■ SOURCE RECORDS:
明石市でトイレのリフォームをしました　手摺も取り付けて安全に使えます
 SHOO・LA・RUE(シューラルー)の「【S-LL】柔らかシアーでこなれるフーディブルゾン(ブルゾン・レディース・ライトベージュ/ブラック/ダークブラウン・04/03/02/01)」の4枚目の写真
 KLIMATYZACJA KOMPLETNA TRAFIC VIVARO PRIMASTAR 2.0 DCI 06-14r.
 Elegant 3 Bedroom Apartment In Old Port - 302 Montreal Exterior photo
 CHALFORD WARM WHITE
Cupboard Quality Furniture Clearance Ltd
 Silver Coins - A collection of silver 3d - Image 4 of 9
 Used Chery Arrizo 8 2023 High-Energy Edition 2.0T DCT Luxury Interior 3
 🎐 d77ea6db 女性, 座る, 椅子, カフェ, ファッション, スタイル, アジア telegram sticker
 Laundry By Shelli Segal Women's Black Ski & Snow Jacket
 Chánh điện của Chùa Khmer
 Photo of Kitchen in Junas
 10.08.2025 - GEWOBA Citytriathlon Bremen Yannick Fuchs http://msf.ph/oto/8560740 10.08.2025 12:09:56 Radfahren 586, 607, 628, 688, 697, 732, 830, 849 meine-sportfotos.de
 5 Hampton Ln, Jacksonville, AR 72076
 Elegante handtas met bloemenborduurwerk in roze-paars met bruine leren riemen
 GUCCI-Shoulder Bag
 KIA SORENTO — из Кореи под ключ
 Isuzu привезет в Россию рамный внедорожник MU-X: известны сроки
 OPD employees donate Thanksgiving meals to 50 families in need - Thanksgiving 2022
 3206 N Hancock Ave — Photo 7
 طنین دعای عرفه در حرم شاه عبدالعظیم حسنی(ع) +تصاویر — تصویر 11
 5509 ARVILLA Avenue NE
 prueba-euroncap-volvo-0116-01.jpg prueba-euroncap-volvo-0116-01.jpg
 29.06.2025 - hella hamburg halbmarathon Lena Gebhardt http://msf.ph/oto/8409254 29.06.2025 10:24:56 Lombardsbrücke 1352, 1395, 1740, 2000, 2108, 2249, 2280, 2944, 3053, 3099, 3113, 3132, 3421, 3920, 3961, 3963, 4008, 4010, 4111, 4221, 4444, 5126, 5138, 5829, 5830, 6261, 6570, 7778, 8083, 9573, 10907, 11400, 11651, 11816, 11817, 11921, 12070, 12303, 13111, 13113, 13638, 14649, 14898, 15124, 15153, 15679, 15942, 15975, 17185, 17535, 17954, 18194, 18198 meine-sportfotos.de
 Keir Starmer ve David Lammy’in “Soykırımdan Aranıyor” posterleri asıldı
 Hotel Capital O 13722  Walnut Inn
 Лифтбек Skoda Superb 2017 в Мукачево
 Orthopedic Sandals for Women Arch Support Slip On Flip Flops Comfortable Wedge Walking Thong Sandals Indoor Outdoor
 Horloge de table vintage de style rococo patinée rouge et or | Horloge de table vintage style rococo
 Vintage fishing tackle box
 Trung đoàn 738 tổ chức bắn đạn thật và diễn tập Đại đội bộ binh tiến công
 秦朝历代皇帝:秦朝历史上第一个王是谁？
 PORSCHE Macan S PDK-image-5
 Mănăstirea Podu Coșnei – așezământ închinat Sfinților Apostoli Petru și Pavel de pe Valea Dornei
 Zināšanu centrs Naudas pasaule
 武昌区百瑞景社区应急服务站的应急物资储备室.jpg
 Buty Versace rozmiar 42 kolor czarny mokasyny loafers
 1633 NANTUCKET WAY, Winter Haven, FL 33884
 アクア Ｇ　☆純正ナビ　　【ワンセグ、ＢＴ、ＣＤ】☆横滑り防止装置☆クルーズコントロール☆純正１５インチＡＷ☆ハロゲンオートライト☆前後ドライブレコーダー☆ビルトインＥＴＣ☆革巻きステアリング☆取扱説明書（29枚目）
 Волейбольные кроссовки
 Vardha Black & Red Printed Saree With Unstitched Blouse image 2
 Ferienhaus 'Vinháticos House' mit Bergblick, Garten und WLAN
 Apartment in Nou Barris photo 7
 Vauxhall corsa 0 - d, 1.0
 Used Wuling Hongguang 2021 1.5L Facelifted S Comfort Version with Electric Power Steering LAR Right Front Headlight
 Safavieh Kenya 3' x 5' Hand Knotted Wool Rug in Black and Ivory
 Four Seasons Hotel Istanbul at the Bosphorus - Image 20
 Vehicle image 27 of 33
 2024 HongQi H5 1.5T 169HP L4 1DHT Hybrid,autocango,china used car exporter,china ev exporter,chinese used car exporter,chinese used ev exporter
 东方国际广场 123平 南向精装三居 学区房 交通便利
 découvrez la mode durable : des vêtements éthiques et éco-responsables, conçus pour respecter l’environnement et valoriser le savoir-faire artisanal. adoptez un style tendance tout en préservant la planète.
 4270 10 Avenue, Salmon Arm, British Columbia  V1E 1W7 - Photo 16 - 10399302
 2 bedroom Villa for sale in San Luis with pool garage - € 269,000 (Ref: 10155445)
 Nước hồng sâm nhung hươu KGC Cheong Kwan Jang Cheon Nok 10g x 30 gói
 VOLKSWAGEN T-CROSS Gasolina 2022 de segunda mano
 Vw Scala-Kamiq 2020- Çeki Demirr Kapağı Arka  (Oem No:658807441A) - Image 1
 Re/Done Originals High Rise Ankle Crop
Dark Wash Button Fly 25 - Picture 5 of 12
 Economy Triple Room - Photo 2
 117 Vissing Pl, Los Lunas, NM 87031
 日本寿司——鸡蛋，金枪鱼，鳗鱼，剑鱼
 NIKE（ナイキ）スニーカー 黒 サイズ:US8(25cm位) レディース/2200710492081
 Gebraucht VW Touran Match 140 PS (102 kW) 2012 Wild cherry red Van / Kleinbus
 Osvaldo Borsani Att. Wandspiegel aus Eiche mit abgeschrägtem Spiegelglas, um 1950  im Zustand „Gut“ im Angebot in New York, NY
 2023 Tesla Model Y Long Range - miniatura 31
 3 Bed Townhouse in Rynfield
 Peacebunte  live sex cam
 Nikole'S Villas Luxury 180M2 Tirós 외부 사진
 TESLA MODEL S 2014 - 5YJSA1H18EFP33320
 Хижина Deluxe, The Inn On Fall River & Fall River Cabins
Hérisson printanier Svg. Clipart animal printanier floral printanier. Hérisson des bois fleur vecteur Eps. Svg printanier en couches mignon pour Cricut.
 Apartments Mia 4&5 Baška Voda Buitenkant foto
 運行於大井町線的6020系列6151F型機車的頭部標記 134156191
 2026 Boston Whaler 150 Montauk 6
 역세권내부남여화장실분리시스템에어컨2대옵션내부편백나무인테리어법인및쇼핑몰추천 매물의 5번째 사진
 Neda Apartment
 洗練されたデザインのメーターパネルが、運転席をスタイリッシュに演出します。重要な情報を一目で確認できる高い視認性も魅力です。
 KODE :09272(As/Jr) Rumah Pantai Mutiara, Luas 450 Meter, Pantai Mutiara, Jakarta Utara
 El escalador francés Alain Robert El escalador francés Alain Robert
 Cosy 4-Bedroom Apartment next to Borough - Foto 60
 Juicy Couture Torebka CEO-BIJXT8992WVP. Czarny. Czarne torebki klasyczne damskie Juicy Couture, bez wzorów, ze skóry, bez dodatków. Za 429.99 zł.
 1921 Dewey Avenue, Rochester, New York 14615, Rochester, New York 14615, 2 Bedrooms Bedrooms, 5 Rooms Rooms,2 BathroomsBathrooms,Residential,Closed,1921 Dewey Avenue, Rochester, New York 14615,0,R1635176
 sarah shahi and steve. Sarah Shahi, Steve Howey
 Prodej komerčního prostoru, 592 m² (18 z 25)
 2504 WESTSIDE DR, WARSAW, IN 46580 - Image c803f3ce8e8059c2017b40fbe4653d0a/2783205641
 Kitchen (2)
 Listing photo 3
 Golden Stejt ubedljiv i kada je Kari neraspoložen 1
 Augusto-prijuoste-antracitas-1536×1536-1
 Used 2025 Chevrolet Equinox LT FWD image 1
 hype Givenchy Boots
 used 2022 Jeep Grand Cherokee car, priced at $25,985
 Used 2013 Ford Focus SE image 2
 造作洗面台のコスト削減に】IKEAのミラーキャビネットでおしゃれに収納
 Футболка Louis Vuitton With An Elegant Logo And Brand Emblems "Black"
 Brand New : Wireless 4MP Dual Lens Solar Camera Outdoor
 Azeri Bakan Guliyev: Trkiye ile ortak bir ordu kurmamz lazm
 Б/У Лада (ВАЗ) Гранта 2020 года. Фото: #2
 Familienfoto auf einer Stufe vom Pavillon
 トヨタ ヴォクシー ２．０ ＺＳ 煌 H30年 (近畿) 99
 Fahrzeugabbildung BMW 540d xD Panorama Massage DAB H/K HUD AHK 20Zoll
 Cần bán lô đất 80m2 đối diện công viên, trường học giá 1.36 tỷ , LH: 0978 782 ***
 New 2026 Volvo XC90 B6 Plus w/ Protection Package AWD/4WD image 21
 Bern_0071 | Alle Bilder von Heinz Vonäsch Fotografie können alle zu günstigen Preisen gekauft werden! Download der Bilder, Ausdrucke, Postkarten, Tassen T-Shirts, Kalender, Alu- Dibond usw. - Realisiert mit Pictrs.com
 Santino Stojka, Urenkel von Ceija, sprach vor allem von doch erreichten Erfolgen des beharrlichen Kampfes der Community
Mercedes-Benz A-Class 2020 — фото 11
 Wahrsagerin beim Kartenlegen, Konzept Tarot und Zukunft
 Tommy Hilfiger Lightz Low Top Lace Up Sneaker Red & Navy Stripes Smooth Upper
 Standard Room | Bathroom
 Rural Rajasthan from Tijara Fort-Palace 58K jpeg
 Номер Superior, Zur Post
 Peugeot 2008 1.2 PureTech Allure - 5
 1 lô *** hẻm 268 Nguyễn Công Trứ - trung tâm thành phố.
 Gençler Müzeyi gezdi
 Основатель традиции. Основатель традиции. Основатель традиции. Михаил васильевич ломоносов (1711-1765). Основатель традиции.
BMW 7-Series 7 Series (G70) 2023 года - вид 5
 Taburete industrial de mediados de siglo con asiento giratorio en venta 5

■ WORK TASK: Retype the entries exactly from the first line, stopping after the line with "Elegante handtas met".

■ PROBLEM SOLUTION:
明石市でトイレのリフォームをしました　手摺も取り付けて安全に使えます
 SHOO・LA・RUE(シューラルー)の「【S-LL】柔らかシアーでこなれるフーディブルゾン(ブルゾン・レディース・ライトベージュ/ブラック/ダークブラウン・04/03/02/01)」の4枚目の写真
 KLIMATYZACJA KOMPLETNA TRAFIC VIVARO PRIMASTAR 2.0 DCI 06-14r.
 Elegant 3 Bedroom Apartment In Old Port - 302 Montreal Exterior photo
 CHALFORD WARM WHITE
Cupboard Quality Furniture Clearance Ltd
 Silver Coins - A collection of silver 3d - Image 4 of 9
 Used Chery Arrizo 8 2023 High-Energy Edition 2.0T DCT Luxury Interior 3
 🎐 d77ea6db 女性, 座る, 椅子, カフェ, ファッション, スタイル, アジア telegram sticker
 Laundry By Shelli Segal Women's Black Ski & Snow Jacket
 Chánh điện của Chùa Khmer
 Photo of Kitchen in Junas
 10.08.2025 - GEWOBA Citytriathlon Bremen Yannick Fuchs http://msf.ph/oto/8560740 10.08.2025 12:09:56 Radfahren 586, 607, 628, 688, 697, 732, 830, 849 meine-sportfotos.de
 5 Hampton Ln, Jacksonville, AR 72076
 Elegante handtas met bloemenborduurwerk in roze-paars met bruine leren riemen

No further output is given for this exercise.